Таким образом, тот тип теоретического знания, который был выработан в античности, находит свое завершение в разработке схоластических методов рассуждения. Бесконечные дистинкции слов в работах схоластиков перестают удивлять, если учесть, что любое различение значений, выделение того, что может быть названо отдельным словом, ведет к изменению онтологической картины: ведь все, что может быть указано с помощью отдельного слова, приобретает самостоятельный онтологический статус; напротив, если в значении одного слова выделяются различные оттенки, то это значение утрачивает статус онтологической единицы.

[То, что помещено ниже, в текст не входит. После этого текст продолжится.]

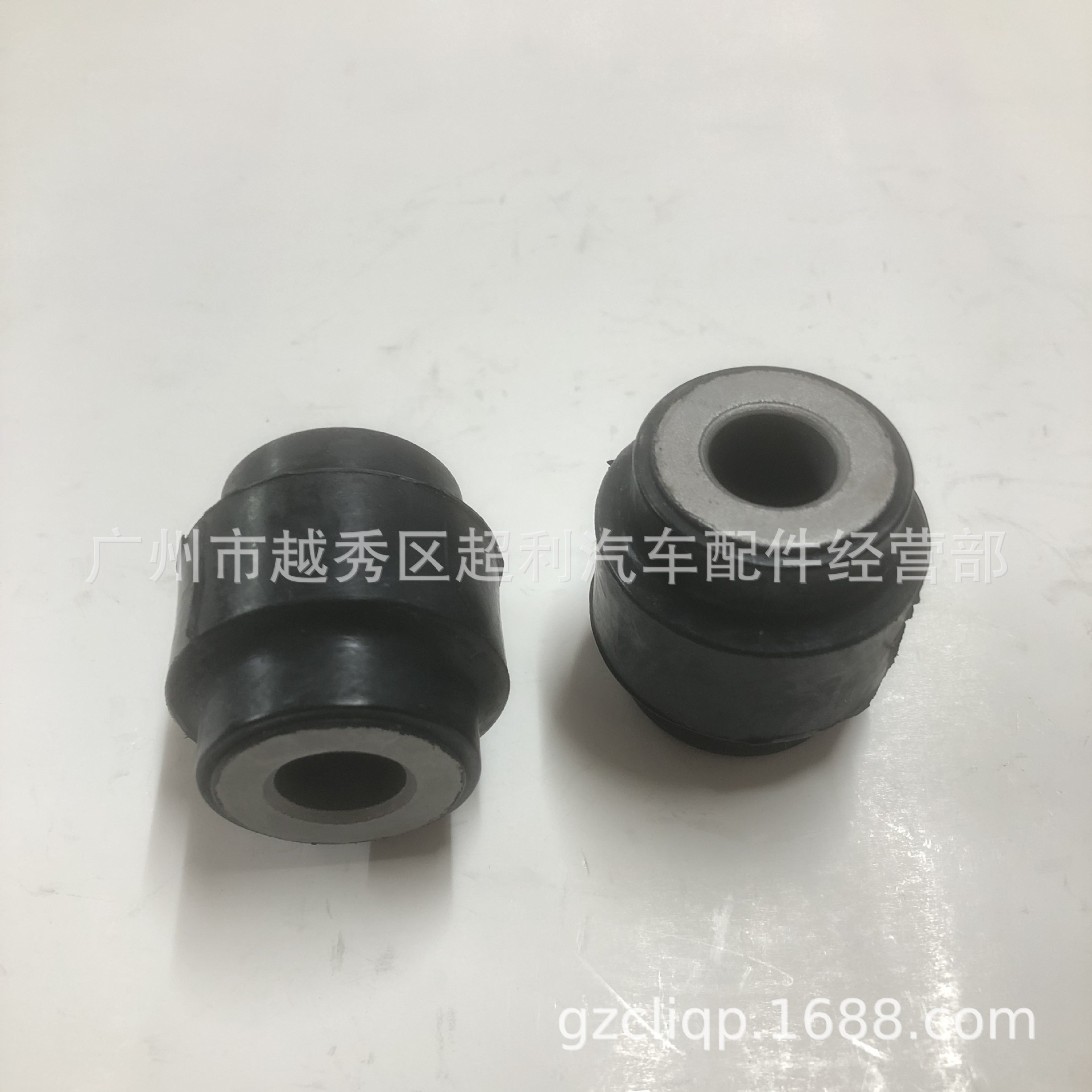 Suitable for E6110-Eb71B E6110-Eb71A D40 Np300 Yd25 Qr25 Front Vibrator Lower Glue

2.5. Простое и сложное: категория вещи в трактате Боэция Quomodo substantiae

В трактате Quomodo substantiae Боэций, исходя, подобно Платону и Августину, из предпосылки, что всякое существование является благом (а несуществование тождественно злу), ставит перед собой задачу разъяснить, как следует понимать утверждение, что все вещи, поскольку они существуют, являются благами. Если они благие по своей субстанции, то они ничем не отличаются от бога, для которого быть и быть благом означает одно и то же. Если во всех вещах будет иметь место такое тождество бытия и блага (составляющее отличительную черту божественного бытия), то каждая вещь будет богом, — вывод, совершенно неприемлемый для христианина Боэция. В каком же смысле они являются благими?

Боэций начинает с различения: Diversum est esse et id quod est (иное — бытие, иное — то, что есть) [78, 40]. Это означает, что во всяком сущем могут быть выделены два момента: то, что есть (существует), и само бытие. Самой точной характеристикой «того, что есть», по-видимому, является тот факт, что ему присуще (приписывается) бытие. Равным образом и бытие определяется в данном контексте как то, что может быть приписано «тому, что есть».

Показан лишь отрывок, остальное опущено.